The influence of race, class and citizenship status on adolescence was the focus of Adolescents in the Americas: Negotiating Identities, Shaping Contexts in an Interconnected World, a symposium held on campus Oct. 3-4, enabling critical conversations on privilege, belonging and social capital amongst teenagers.

“The purpose of the symposium was to bring together leading scholars from across the country and beyond to talk about adolescence in Canada, the U.S. and Latin America,” said Assistant Professor of Sociology Ingrid Nelson, who organized the symposium along with Associate Professor of Education Doris Santoro and Associate Professor of Anthropology Krista Van Vleet. “We focused on the issues that adolescents face that cross national boundaries.”

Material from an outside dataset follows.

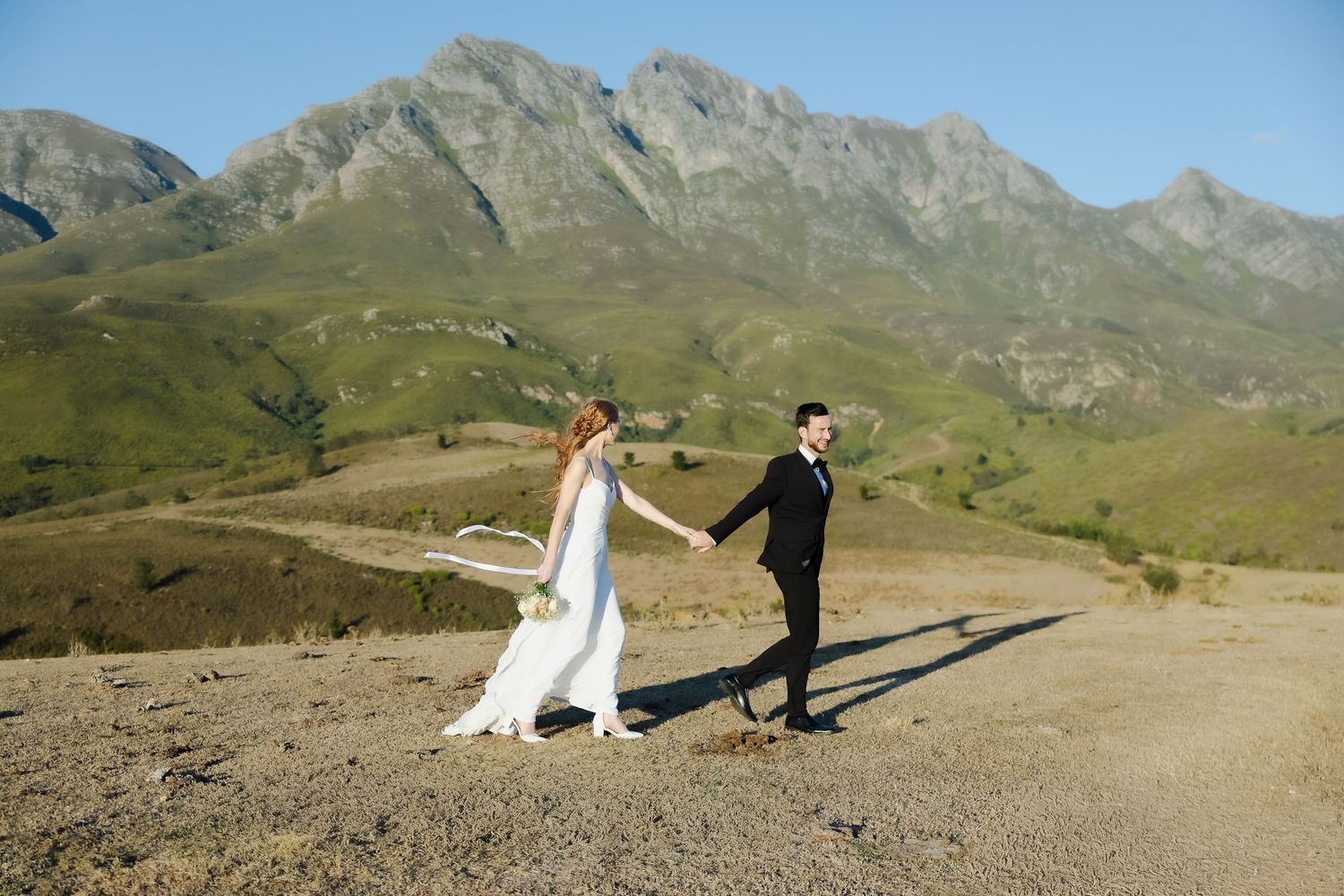 A couple walks along a scenic mountain trail with rugged peaks and green slopes in the background.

Doris Santoro of Bowdoin (left) and Nilda Flores-Gonzalez of the University of Illinois

Doris Santoro of Bowdoin (left) and Nilda Flores-Gonzalez of the University of Illinois

Adolescents in the Americas incorporated research on a wide range of demographics. Scholars from a variety of institutions – including Columbia University, Northwestern University, Colby College, UMass Amherst, and the University of Toronto – discussed how impoverished Latino youths negotiated their American identities as well as how privileged students perceive their affluence. Nelson’s presentation, incorporating in-depth interviews and encompassing issues of socioeconomic advancement, focused on how rural Maine students from different class backgrounds pursue options of higher education.

The event was attended by students from a variety of fields, including members of Nelson’s “Race and Ethnicity” course. “I thought the speakers were all really fascinating,” said Sunjay Priyadarshan ’14. “I liked that they tapped into issues of immigration and class and capital in specific ways and addressed topics of affluent students and people who go back to their country of origin.”

The fields of anthropology, sociology and education merged as experts from varied fields shared their unique perspectives on adolescent identity formation in different social contexts, building a multifaceted academic analysis of American adolescence over the course of the symposium.

This was the third in a series of four symposia led by Bowdoin faculty this fall, assembling experts from near and far to exchange ideas about topics spanning a wide range of disciplines including sociology, science, art and history.